When you copy the listing, skip the images and return each line verbatim.

------

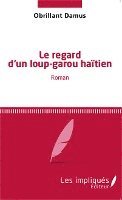 Obrillant Damus - regard d'un loup-garou haïtien, Häftad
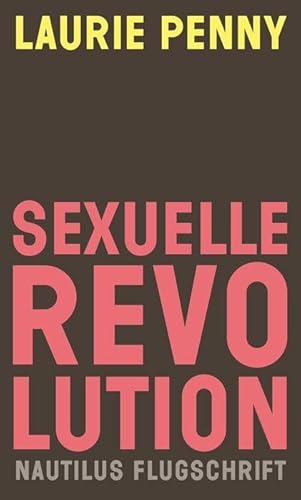 Sexuelle Revolution: Rechter Backlash und feministische Zukunft (Nautilus Flugschrift)
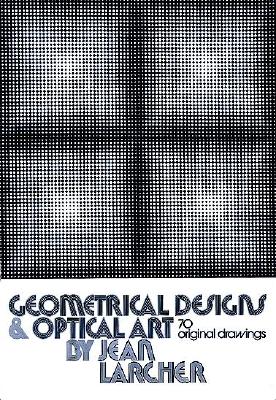 Geometrical Designs and Optical Art: 70 Original Drawings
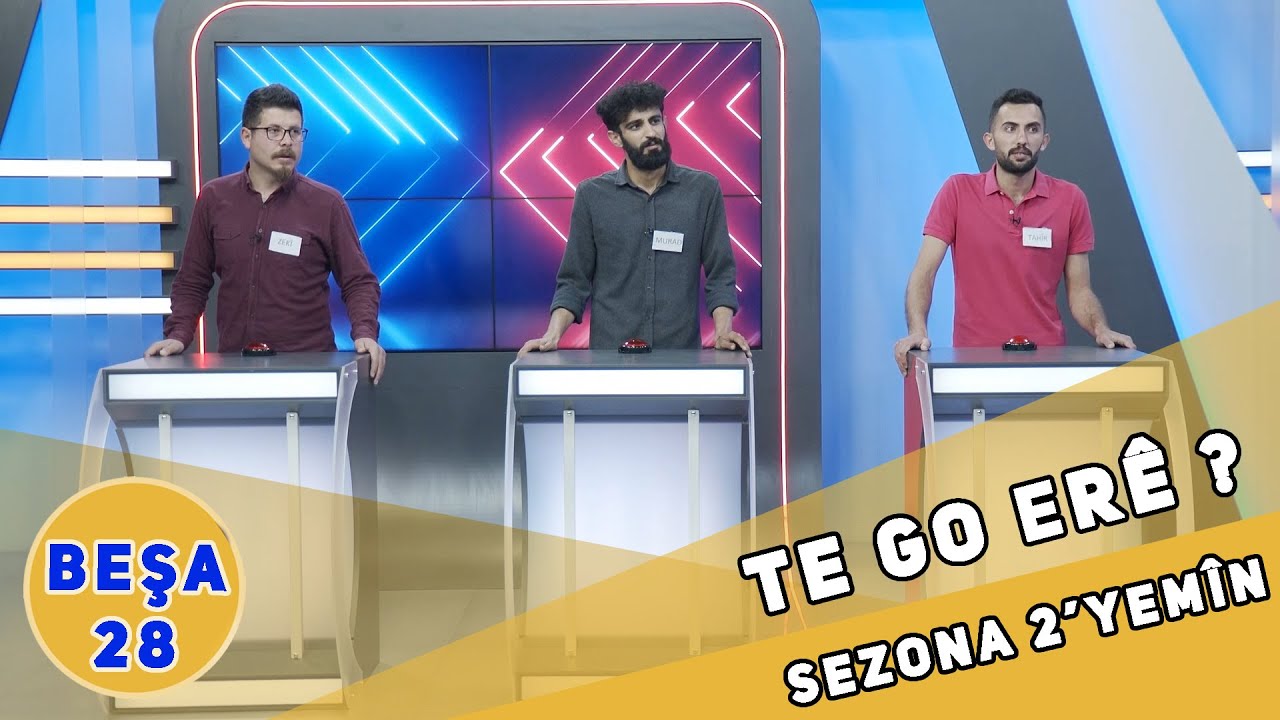 TE GO ER&Ecirc; - SEZONA 2'YEM&Icirc;N BEŞA 28 (F&Icirc;NALA MEH&Ecirc;)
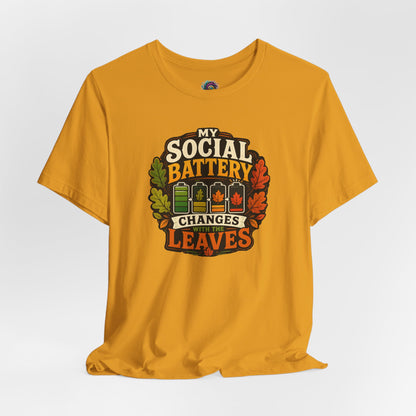 My Social Battery Changes With the Leaves T-Shirt – Funny Fall Tee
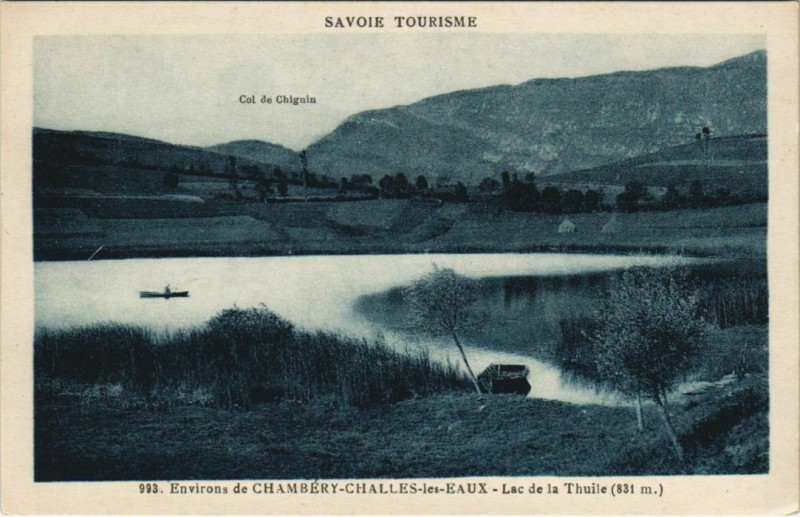 Carte postale ancienne Chambery Challes-les-Eaux Environs - Lac de la Thuile à Challes-les-Eaux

------

Result for this task:
 Obrillant Damus - regard d'un loup-garou haïtien, Häftad
 Sexuelle Revolution: Rechter Backlash und feministische Zukunft (Nautilus Flugschrift)
 Geometrical Designs and Optical Art: 70 Original Drawings
 TE GO ER&Ecirc; - SEZONA 2'YEM&Icirc;N BEŞA 28 (F&Icirc;NALA MEH&Ecirc;)
 My Social Battery Changes With the Leaves T-Shirt – Funny Fall Tee
 Carte postale ancienne Chambery Challes-les-Eaux Environs - Lac de la Thuile à Challes-les-Eaux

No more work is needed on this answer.